#### DIRECTIONS FOR THIS TASK:
From the first line of the entries below, reproduce everything exactly through the line with "SONYA STRAIGHT LEG JEAN WASHED BLUE", and nothing more.

____________

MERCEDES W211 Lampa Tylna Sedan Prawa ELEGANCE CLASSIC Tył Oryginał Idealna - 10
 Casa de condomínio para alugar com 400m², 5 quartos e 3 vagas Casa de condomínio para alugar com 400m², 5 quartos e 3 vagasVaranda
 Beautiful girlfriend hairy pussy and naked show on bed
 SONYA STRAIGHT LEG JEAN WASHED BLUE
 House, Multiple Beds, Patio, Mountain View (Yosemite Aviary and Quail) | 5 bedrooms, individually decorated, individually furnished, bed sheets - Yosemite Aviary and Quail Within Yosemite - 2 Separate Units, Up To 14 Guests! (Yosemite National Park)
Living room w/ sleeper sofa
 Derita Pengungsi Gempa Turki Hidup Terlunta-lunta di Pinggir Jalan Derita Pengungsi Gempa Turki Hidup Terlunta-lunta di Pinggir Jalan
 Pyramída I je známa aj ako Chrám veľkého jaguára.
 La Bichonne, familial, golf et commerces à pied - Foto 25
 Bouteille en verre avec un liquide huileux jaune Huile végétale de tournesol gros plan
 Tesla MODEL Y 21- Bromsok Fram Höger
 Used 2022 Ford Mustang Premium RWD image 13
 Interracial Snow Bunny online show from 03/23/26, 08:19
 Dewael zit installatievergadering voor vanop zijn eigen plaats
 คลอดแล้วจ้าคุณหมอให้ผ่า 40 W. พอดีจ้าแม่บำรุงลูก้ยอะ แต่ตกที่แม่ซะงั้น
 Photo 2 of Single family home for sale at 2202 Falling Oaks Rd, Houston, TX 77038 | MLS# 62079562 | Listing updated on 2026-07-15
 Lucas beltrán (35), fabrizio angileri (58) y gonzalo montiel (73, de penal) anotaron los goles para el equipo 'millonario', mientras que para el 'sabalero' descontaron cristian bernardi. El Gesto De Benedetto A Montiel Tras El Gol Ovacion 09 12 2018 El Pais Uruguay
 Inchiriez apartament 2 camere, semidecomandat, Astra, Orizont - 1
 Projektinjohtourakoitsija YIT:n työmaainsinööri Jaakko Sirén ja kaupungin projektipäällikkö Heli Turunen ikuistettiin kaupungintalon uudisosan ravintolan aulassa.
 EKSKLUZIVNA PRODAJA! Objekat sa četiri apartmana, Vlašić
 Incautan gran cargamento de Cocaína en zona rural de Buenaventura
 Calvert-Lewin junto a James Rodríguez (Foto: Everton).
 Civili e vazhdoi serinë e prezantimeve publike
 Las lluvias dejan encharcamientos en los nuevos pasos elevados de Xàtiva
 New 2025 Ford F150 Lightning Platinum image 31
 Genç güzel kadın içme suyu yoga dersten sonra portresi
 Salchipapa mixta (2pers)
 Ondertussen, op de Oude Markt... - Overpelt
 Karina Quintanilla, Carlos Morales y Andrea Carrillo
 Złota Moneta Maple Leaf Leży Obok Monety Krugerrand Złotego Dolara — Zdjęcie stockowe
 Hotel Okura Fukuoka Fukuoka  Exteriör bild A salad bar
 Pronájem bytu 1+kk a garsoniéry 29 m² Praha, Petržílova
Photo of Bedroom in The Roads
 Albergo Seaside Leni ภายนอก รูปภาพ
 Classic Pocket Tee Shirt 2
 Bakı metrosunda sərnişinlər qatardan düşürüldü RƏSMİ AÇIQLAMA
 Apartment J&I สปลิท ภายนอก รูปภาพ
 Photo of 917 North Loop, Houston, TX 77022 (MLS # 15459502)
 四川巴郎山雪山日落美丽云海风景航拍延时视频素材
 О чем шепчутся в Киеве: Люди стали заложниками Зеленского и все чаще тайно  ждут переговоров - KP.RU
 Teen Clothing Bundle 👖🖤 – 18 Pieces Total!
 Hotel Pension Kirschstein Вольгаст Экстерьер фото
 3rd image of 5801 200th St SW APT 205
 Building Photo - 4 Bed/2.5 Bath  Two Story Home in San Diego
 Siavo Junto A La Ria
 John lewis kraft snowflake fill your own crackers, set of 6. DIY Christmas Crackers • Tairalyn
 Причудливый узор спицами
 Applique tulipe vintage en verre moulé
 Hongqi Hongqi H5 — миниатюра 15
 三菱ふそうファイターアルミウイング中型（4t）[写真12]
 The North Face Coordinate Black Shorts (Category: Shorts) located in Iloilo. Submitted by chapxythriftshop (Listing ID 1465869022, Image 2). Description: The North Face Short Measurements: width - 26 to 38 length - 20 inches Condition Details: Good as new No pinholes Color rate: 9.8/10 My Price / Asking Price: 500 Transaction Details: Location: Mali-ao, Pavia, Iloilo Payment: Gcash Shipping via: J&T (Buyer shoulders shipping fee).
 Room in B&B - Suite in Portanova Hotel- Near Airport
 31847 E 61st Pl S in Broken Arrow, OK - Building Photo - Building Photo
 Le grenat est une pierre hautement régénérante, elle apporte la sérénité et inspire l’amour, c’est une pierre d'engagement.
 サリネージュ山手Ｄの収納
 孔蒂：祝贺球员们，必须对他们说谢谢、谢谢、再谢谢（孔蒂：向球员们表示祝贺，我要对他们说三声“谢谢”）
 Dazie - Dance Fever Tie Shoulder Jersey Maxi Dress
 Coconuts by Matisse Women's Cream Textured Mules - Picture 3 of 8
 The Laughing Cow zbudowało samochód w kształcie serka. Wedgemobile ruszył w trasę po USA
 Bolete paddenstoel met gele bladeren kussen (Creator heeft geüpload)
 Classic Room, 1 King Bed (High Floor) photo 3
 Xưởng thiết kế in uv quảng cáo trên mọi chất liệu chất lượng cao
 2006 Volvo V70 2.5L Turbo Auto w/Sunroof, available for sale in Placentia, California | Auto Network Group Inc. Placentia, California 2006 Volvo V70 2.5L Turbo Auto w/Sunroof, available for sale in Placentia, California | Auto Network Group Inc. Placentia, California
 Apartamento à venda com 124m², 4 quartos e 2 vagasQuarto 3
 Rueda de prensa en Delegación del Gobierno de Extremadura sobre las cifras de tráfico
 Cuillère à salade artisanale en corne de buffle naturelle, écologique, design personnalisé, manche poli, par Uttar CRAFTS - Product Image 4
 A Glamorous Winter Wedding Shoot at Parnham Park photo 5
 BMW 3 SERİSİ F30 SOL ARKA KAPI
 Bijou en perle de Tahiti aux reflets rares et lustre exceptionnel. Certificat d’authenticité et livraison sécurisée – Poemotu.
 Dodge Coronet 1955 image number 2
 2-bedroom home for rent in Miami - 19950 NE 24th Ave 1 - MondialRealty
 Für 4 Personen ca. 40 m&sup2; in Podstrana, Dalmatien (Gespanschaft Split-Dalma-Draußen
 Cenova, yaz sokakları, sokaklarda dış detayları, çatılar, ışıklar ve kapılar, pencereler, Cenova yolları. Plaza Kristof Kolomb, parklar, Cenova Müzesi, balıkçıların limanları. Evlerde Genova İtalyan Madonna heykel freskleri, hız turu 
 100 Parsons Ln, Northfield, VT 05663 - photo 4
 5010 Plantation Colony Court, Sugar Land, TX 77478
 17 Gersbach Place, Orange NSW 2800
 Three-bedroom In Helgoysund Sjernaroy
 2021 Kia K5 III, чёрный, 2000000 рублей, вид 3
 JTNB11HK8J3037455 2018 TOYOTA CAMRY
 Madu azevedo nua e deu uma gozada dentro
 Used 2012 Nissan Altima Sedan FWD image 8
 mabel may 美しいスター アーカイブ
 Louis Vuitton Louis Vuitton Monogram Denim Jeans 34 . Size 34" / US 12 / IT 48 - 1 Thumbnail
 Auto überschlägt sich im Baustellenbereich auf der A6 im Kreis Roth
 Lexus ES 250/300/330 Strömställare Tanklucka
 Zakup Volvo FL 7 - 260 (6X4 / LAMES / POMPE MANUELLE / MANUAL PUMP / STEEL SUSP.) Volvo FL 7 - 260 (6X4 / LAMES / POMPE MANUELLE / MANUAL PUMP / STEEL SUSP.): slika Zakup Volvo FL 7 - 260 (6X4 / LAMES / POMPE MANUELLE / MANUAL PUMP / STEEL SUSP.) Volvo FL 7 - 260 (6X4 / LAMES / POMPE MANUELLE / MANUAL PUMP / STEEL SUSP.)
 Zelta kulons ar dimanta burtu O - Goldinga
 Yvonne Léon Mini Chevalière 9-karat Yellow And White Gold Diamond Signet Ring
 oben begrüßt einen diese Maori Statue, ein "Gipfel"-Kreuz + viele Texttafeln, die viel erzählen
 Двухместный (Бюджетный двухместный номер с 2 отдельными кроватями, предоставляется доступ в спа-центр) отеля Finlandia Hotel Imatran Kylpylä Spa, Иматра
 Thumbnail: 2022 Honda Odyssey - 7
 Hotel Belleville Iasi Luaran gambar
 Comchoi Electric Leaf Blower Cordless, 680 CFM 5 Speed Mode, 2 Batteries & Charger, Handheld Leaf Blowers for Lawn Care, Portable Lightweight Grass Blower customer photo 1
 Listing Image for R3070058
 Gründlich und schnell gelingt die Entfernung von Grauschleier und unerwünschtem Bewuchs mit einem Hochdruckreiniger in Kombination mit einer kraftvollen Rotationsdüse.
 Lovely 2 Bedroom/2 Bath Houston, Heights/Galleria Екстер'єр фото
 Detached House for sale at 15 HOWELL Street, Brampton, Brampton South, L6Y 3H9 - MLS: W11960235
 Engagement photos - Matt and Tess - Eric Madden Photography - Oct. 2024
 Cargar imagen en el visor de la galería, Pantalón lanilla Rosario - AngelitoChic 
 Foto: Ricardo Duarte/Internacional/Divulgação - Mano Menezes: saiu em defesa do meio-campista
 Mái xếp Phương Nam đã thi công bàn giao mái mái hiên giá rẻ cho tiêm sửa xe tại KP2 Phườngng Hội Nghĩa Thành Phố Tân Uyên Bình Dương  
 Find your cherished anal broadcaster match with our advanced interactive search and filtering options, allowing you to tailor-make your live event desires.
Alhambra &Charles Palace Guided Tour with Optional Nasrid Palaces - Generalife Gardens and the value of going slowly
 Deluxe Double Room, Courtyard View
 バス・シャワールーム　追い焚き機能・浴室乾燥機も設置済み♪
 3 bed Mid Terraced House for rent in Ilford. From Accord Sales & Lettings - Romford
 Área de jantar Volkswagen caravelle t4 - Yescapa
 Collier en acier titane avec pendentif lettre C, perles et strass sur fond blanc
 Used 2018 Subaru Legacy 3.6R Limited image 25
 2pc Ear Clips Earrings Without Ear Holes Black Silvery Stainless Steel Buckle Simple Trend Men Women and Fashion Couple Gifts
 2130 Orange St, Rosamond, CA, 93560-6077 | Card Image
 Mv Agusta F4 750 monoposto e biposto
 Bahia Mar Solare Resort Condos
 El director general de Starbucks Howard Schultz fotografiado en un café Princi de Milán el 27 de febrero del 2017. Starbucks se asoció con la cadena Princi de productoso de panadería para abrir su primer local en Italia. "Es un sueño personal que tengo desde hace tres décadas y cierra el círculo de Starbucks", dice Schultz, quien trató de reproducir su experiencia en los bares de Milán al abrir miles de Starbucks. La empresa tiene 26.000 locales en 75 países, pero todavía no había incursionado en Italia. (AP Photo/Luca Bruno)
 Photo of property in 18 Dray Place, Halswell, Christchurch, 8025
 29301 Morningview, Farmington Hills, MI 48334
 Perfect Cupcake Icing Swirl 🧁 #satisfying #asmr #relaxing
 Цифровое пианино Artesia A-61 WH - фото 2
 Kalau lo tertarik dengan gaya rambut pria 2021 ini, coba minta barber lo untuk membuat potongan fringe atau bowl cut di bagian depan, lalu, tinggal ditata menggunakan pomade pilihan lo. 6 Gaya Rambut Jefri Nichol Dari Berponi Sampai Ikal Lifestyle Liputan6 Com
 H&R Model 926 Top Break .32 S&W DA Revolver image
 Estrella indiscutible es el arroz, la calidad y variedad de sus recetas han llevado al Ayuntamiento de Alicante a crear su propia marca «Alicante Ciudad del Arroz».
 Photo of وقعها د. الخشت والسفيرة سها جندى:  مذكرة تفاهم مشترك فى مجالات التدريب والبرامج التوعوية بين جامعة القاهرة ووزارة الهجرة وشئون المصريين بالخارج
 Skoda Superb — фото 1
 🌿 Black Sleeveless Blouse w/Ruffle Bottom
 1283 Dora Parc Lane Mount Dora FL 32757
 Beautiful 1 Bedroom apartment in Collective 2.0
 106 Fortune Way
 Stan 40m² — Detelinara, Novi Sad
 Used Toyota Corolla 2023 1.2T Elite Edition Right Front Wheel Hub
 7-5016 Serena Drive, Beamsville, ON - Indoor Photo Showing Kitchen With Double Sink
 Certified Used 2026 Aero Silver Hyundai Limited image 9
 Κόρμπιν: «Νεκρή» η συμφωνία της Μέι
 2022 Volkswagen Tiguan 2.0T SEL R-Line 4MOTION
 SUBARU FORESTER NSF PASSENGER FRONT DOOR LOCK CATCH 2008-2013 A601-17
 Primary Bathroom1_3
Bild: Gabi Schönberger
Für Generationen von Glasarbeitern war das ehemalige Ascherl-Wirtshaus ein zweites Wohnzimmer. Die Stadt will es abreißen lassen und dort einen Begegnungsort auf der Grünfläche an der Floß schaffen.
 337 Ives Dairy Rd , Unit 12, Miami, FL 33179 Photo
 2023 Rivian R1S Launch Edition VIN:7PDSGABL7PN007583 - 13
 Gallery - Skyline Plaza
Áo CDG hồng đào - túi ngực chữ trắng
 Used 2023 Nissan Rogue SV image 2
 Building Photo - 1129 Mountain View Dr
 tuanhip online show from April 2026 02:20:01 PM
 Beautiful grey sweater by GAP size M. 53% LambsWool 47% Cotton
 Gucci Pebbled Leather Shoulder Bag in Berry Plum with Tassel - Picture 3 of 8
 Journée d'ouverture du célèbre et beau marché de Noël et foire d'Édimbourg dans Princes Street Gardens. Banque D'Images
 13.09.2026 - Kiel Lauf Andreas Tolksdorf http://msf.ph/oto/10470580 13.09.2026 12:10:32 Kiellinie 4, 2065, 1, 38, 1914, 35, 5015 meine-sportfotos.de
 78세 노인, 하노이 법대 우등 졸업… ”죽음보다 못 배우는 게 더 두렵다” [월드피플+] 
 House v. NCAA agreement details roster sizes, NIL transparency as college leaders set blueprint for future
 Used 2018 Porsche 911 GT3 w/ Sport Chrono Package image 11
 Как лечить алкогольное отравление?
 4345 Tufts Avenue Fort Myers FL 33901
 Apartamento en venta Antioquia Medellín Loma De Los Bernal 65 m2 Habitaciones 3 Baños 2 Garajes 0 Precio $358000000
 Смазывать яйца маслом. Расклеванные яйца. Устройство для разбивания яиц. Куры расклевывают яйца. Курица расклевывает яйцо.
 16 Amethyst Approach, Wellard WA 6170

____________

#### ANSWER SPACE:
MERCEDES W211 Lampa Tylna Sedan Prawa ELEGANCE CLASSIC Tył Oryginał Idealna - 10
 Casa de condomínio para alugar com 400m², 5 quartos e 3 vagas Casa de condomínio para alugar com 400m², 5 quartos e 3 vagasVaranda
 Beautiful girlfriend hairy pussy and naked show on bed
 SONYA STRAIGHT LEG JEAN WASHED BLUE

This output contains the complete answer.